McDonald’s is testing a customisable burger system that would make it more similar to a Five Guys or Shake Shack.
And that includes a seven-minute average wait time, reports The Economist.
That’s a fairly long wait, considering that the chain’s average total drive-thru wait is currently around three minutes, according to a study by QSR Magazine.
The Economist visited a new McDonald’s outlet near its Oak Brook, Illinois, headquarters. They observed customers building their own burgers by choosing a bun, toppings, cheese, and more from a touchscreen.
Customers then waited at their tables until their orders were ready.

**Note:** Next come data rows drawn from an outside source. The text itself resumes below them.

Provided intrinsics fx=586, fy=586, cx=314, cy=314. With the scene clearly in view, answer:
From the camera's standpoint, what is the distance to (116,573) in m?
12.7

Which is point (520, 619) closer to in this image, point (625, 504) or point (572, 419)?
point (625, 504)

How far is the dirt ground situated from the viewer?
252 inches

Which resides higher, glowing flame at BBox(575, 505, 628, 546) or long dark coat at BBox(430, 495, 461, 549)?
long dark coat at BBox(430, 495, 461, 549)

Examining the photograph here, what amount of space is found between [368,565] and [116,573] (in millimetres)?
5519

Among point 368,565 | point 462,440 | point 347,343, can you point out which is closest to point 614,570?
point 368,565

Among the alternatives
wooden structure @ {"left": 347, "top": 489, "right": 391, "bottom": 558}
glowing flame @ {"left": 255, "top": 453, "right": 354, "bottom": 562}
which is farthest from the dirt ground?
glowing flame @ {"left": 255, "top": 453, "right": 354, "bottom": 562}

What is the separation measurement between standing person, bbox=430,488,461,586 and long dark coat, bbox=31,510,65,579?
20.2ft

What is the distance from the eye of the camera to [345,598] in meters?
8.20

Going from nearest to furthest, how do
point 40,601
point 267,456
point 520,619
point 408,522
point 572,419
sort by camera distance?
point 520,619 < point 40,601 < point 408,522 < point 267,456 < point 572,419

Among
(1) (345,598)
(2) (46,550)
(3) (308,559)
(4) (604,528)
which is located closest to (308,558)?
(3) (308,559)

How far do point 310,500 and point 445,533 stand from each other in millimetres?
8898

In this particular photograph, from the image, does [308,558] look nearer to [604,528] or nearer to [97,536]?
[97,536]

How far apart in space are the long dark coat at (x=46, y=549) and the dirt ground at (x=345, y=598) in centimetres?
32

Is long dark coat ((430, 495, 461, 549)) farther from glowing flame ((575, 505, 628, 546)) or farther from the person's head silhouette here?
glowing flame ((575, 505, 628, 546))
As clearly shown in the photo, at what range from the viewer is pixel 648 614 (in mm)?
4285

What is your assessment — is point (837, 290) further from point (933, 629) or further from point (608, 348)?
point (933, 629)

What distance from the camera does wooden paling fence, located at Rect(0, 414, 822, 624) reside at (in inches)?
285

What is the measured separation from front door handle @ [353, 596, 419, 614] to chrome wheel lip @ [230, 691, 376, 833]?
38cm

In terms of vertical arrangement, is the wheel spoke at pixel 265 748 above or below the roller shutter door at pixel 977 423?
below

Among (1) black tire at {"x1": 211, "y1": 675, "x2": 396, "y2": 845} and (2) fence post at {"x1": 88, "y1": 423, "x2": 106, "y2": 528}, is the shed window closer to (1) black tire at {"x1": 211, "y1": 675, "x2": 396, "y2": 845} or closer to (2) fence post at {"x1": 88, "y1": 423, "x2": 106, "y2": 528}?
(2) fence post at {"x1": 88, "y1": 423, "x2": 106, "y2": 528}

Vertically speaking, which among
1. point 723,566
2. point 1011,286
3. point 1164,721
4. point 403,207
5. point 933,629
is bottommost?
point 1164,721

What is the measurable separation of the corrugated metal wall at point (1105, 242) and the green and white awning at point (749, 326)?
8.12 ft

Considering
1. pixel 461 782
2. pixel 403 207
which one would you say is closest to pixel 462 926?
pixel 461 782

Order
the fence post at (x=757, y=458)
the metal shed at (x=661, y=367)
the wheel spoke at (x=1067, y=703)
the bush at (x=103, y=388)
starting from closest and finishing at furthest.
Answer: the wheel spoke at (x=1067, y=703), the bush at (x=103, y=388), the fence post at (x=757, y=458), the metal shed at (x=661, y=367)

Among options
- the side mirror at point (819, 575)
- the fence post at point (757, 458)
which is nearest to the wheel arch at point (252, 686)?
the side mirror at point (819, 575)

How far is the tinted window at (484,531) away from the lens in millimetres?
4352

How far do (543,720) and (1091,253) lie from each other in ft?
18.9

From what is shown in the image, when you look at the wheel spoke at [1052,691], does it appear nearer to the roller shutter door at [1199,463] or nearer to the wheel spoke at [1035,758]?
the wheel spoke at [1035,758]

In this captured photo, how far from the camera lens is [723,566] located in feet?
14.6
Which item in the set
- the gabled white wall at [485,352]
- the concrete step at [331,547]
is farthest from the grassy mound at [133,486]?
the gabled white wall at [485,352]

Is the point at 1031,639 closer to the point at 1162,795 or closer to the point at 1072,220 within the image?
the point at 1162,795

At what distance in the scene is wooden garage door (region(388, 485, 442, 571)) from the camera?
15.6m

McDonald’s is planning to roll out the new system in 2,000 restaurants by the end of this year, according to The Economist.
The brand hopes the strategy, which is currently being used in four restaurants in San Diego, California, could help attract a younger crowd and revive lagging sales.

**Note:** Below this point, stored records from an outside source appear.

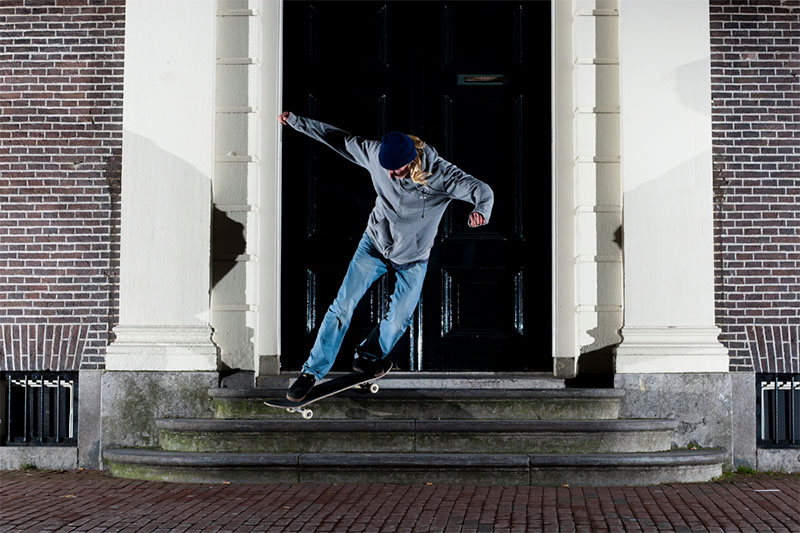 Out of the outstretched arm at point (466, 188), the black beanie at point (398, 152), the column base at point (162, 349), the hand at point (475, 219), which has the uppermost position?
the black beanie at point (398, 152)

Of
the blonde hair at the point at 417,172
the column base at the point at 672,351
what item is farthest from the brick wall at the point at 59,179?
the column base at the point at 672,351

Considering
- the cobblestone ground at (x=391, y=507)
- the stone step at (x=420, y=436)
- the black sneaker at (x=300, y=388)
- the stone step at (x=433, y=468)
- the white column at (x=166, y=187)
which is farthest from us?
the white column at (x=166, y=187)

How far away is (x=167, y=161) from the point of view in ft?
26.6

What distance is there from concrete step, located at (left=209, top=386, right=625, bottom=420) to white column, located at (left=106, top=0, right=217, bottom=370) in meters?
0.94

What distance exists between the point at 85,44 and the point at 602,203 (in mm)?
4413

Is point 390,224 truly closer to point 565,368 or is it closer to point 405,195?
point 405,195

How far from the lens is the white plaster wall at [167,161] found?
804 cm

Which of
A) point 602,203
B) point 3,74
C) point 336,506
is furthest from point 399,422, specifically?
point 3,74

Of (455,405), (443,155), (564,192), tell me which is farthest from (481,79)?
(455,405)

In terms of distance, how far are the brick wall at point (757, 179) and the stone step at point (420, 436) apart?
1350 mm

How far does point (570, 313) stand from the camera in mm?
8367

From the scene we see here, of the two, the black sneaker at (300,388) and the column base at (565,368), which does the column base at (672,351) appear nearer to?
the column base at (565,368)

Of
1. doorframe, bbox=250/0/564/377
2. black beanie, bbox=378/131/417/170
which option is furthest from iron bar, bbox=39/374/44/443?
black beanie, bbox=378/131/417/170

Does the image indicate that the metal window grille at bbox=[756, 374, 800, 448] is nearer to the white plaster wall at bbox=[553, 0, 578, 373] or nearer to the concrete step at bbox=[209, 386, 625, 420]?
the concrete step at bbox=[209, 386, 625, 420] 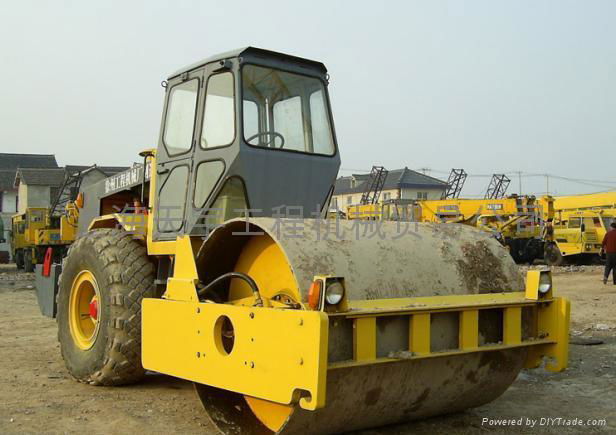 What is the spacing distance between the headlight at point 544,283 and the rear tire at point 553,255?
22310 millimetres

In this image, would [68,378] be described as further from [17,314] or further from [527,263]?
[527,263]

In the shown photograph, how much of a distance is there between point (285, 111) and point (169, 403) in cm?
250

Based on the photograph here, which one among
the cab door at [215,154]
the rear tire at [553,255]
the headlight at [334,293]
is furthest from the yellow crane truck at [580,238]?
the headlight at [334,293]

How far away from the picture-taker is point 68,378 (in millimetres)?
6207

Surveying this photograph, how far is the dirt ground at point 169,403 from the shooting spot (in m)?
4.73

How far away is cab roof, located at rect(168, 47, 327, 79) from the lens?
5301 millimetres

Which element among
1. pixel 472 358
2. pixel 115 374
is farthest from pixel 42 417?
pixel 472 358

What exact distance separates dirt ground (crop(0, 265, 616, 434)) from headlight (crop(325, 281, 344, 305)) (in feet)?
4.35

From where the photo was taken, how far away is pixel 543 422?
16.0 feet

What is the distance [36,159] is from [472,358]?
60.1m

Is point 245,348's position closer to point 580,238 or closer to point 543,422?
point 543,422

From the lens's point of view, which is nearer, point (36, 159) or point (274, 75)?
point (274, 75)

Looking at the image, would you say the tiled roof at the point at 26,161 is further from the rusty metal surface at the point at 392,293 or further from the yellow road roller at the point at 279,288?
the rusty metal surface at the point at 392,293

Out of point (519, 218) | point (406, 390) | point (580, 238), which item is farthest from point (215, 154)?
point (519, 218)
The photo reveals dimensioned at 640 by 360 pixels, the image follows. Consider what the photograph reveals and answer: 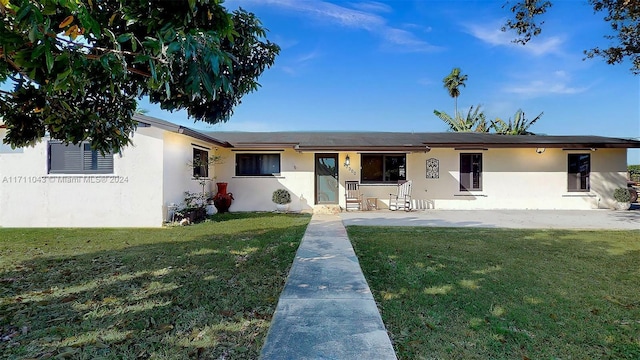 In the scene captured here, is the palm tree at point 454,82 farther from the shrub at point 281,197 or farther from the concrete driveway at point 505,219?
the shrub at point 281,197

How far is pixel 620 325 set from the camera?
293cm

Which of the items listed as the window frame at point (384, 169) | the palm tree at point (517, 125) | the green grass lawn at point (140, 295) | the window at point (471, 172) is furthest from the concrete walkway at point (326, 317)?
the palm tree at point (517, 125)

Many analysts believe that the customisation will soon become widespread at McDonald’s and allow it to better compete with fast-casual competitors like Chipotle.
Chipotle is largely successful because the ingredients for its burritos, bowls, tacos, and salads are entirely selected by customers, who increasingly crave tailored options and high-quality ingredients.
But some are questioning whether the strategy will be effective.
While Wall Street wants McDonald’s to be more like Shake Shack, shareholders “should let McDonald’s be McDonald’s and be careful about whether Shake Shack is a burger bubble,” writes Steven Davidoff Solomon at The New York Times.
Solomon argues that the “premium burger fetish” is a trend, not something to invest in.
Instead, McDonald’s should focus on offering low-cost food that is served almost instantly.